Reproduce from the records below, with no pictures, exactly the lines between the one containing "Beauty Bag Makeup - 메이크업 브러쉬 홀더 배낭 메이크업 아티스트" and the one containing "Culina Ristorante and", inclusive.

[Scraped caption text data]
= = =

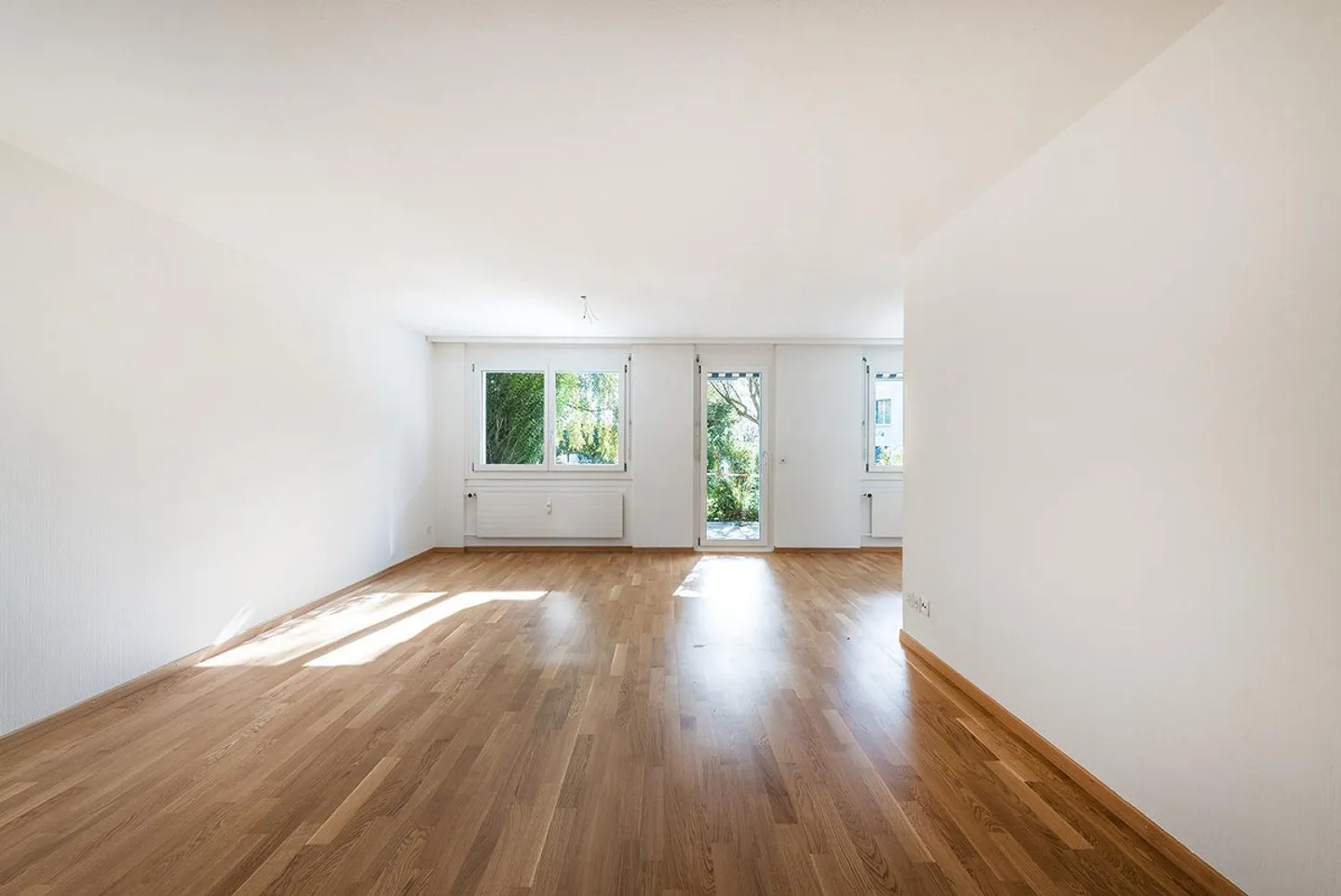 Modernes Familienapartment mit Balkon - Foto 8 von 12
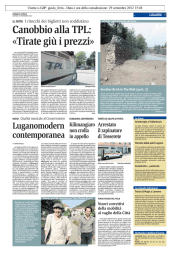 Canobbio alla TPL: &laquo;Tirate gi&ugrave; i prezzi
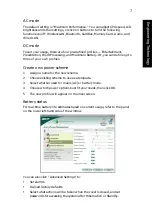 Preview for 17 page of Acer TravelMate 3300 User Manual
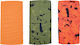 Oxford Comfy Havoc Motorcycle Rider Neck Warmer made of Polyester Multicolored
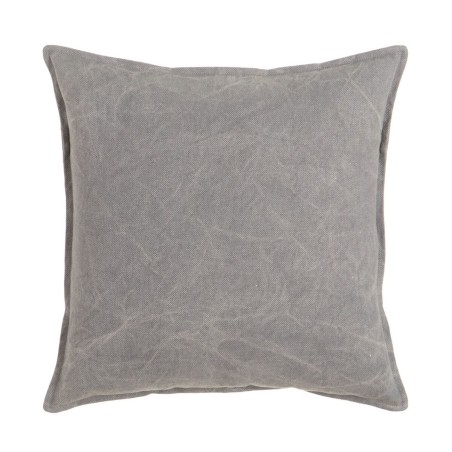 Coussin Gris 45 x 45 cm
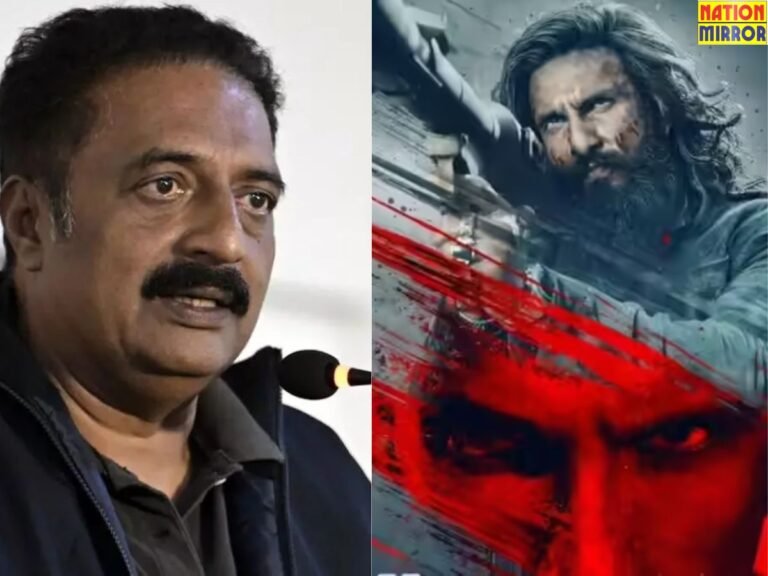 Prakash Raj React Dhurandhar 2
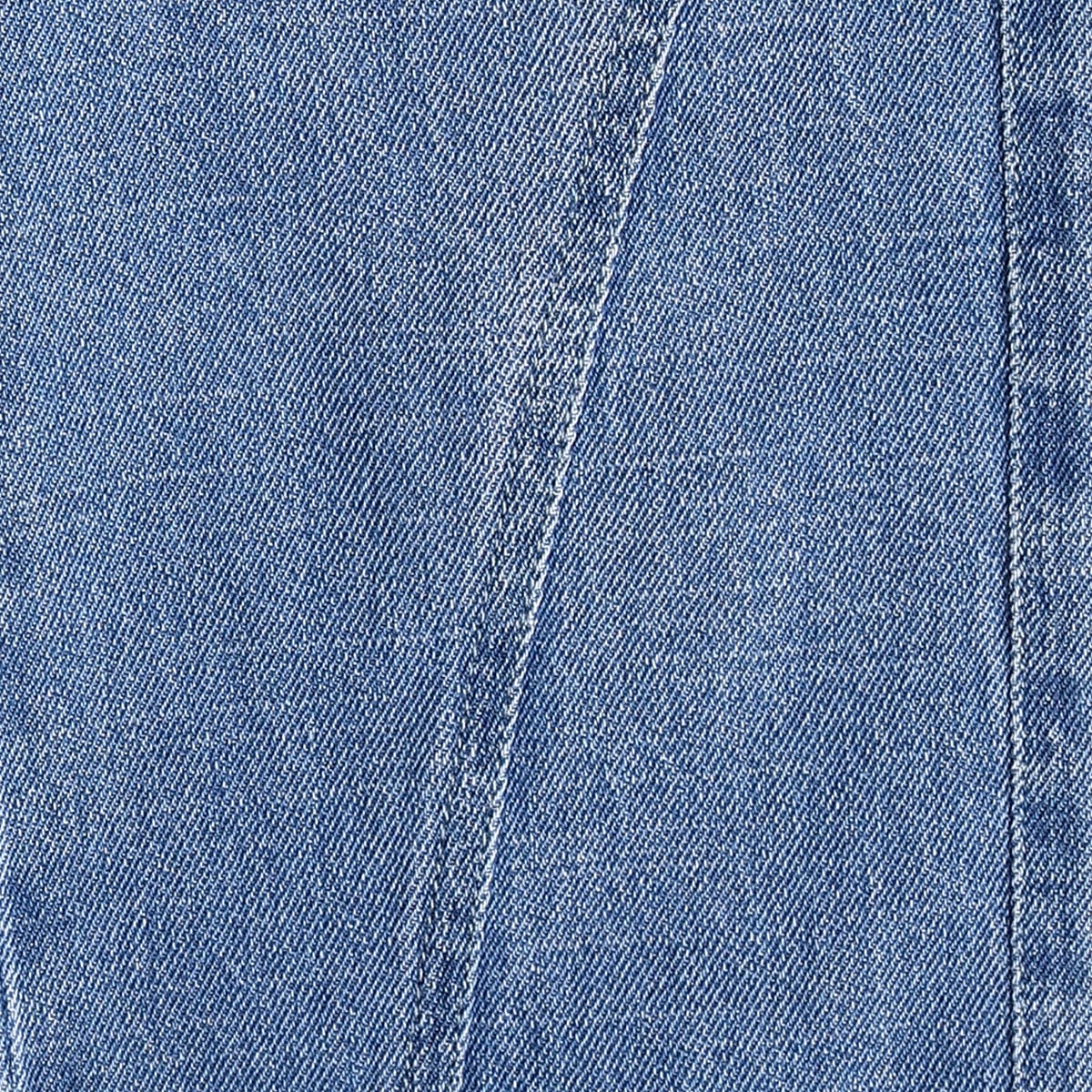 Baby Boys Blue Denim Jogger Pants Regular Fit Casual Wear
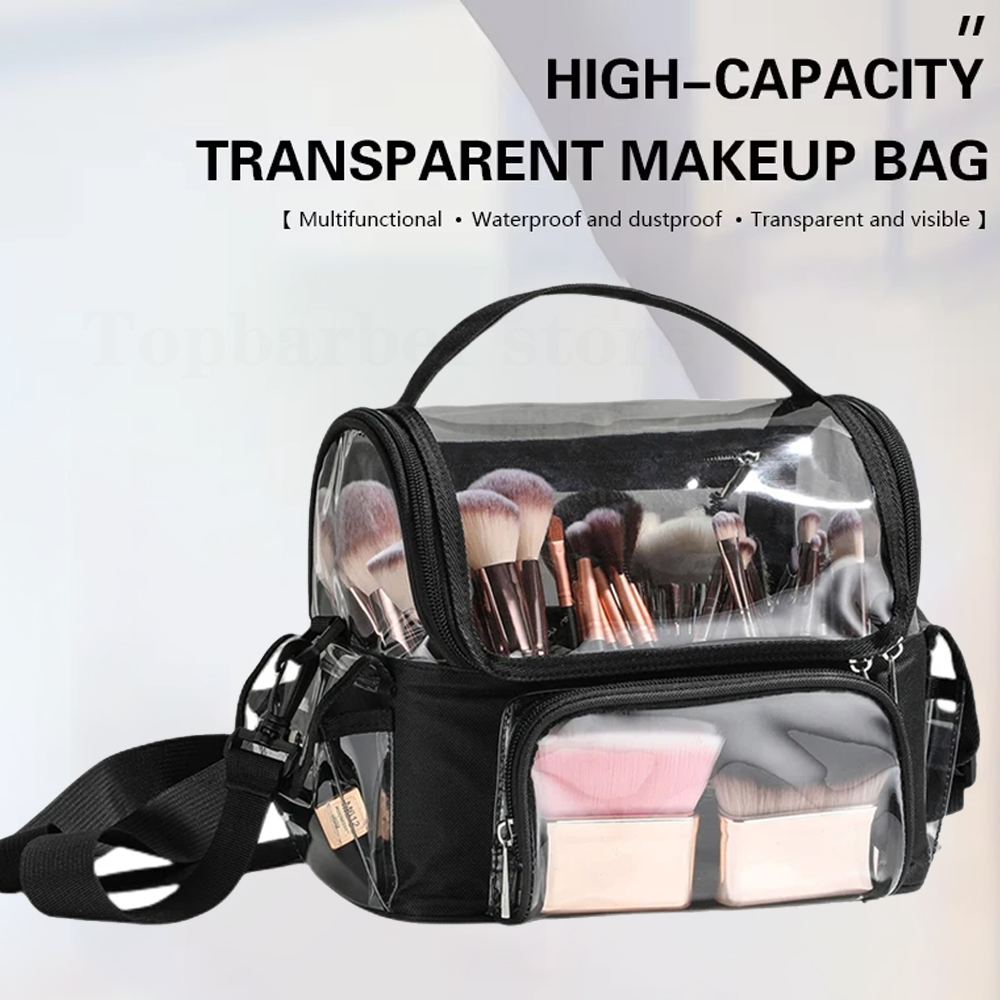Beauty Bag Makeup - 메이크업 브러쉬 홀더 배낭 메이크업 아티스트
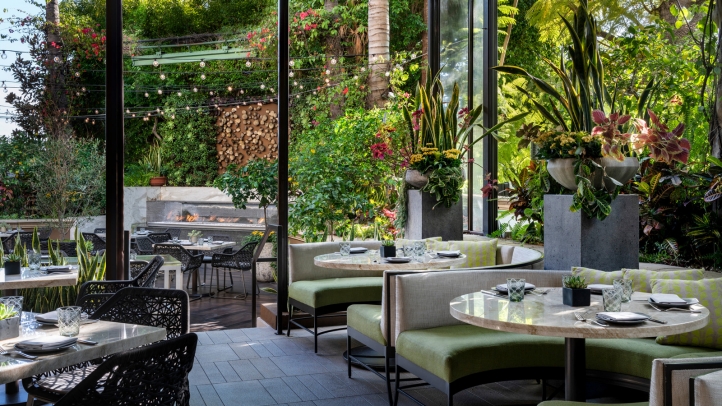 Culina Ristorante and Caffè at Four Seasons Hotel Los Angeles at Beverly Hills receives Wine Spectator's 2024 Best of Award of Excellence for its outstanding wine program, featuring over 500 meticulously selected bottles.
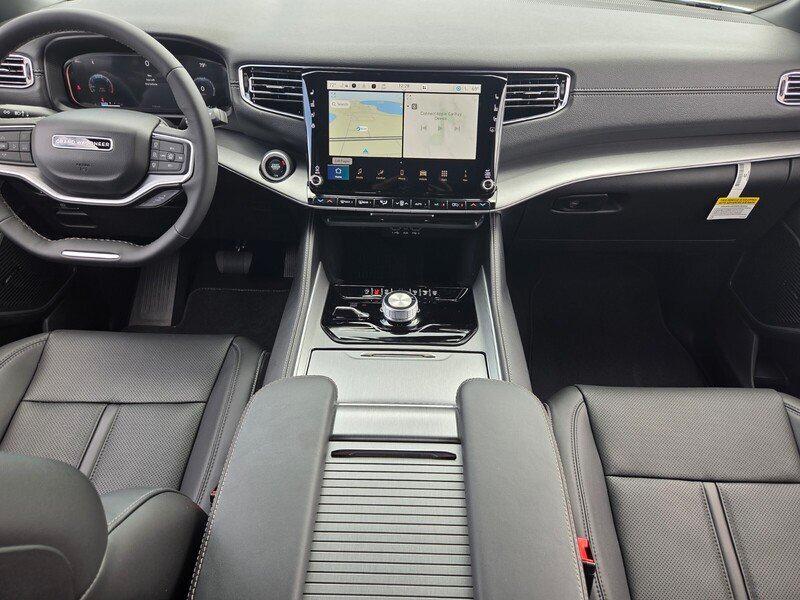 new 2026 Jeep Grand Wagoneer L car, priced at $70,511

= = =

- [Your solution]
Beauty Bag Makeup - 메이크업 브러쉬 홀더 배낭 메이크업 아티스트
 Culina Ristorante and Caffè at Four Seasons Hotel Los Angeles at Beverly Hills receives Wine Spectator's 2024 Best of Award of Excellence for its outstanding wine program, featuring over 500 meticulously selected bottles.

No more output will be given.